[[ DATA SUPPLIED, beginning ]]

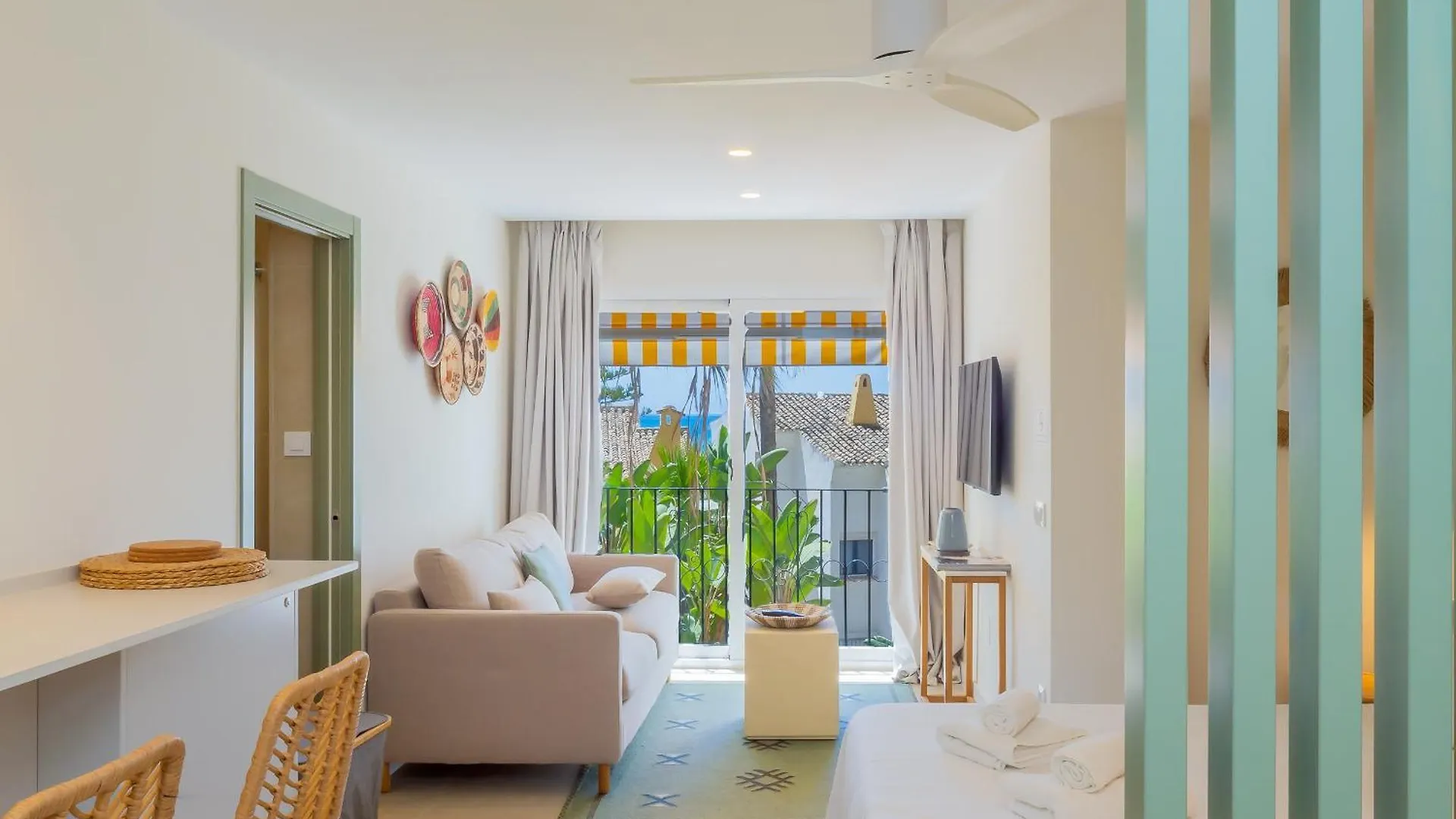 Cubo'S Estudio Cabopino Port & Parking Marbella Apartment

[[ DATA SUPPLIED, end ]]
[[ DATA SUPPLIED, beginning ]]

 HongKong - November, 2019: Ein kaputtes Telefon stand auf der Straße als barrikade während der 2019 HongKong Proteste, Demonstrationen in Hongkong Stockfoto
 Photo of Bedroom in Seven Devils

[[ DATA SUPPLIED, end ]]
[[ DATA SUPPLIED, beginning ]]

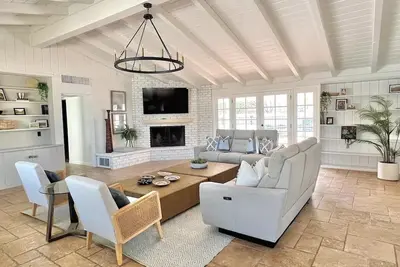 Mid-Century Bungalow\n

[[ DATA SUPPLIED, end ]]

Return word for word the lines above from the line with "HongKong - November, 2019: Ein" to the line with "Photo of Bedroom in Seven Devils", including both and leaving out all others.

 HongKong - November, 2019: Ein kaputtes Telefon stand auf der Straße als barrikade während der 2019 HongKong Proteste, Demonstrationen in Hongkong Stockfoto
 Photo of Bedroom in Seven Devils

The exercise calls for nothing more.